KIEV, Ukraine The United States is committed to Ukraine's security and freedom, U.S. Vice President Dick Cheney pledged Friday, suggesting that Russia was posing a "threat of tyranny, economic blackmail and military invasion" to its neighbor.
During a closely watched trip to the ex-Soviet republic, Cheney also repeated that Ukraine would eventually join NATO, despite fierce resistance from Moscow.
The strong words from Cheney the Bush administration's most visible hawk signaled that the United States was intent on cultivating closer ties with Ukraine and its neighbors even after Russia showed it was willing to use military force against countries along its border.
"The United States has a deep and abiding interest in your well-being and security," Cheney said following talks with President Viktor Yushchenko. "We believe in the right of men and women to live without threat of tyranny, economic blackmail and military invasion or intimidation."
The show of support was important for Yushchenko's Western-leaning government, which has become increasingly nervous about its relations with Moscow. Yushchenko has pushed strongly for closer ties with the European Union and NATO, upsetting both the Kremlin and Ukraine's large Russian-speaking minority.
There are concerns the Kremlin might seek to squeeze Ukraine as it tries to reclaim dominance in former Soviet republics. Ukraine, a strategically located country of 46 million, has pipelines that carry Russian gas to European consumers and a Black Sea port that hosts a key Russian naval base.
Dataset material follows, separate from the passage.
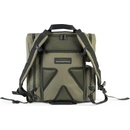 Korum Transition Compact ruckbag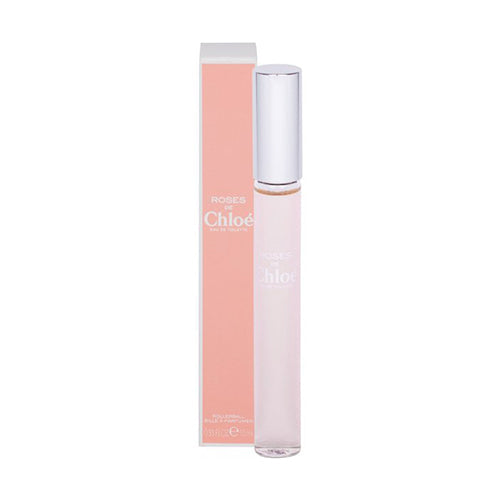 Rose Tangerine 10ml EDT for Women by Chloe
The president also lamented that Russia had used its ships at the Ukrainian port of Sevastopol in the fighting with Georgia a Ukrainian ally. He said only NATO could guarantee Ukraine's independence.
The Georgian war, he said, showed that that "the single, only model for a reliable defense of the territorial integrity of ... Ukraine is joining the all-European, pan-European, North Atlantic system of collective security."
Cheney also met separately with Prime Minister Yulia Tymoshenko, whose aides said they discussed security and energy issues.
Cheney's trip comes at a difficult time in Ukrainian politics: Yushchenko and Tymoshenko are fighting bitterly, setting the government on the verge of collapse. The two are also fierce rivals before the 2010 presidential election.
Prior to Ukraine, Cheney visited oil-rich Azerbaijan and then Georgia, where Russia has recognized the independence of two breakaway Georgian regions: South Ossetia and Abkhazia. Washington also offered Georgia a $1 billion aid package to help it recover from the short but damaging war with Russia over the separatist regions.
Angry Russian officials have repeatedly said U.S. military aid was instrumental in emboldening Georgia to try to retake South Ossetia by force on Aug. 7. The attack sparked five days of fighting and resulted in Russian forces driving into South Ossetia and on into Georgia.
Konstantin Kosachyov, head of the foreign affairs committee in Russia's lower house of parliament, accused Cheney of trying to forge an "anti-Russian axis."
"It's Cheney who was behind all recent events on the former Soviet turf," Kosachyov said Thursday.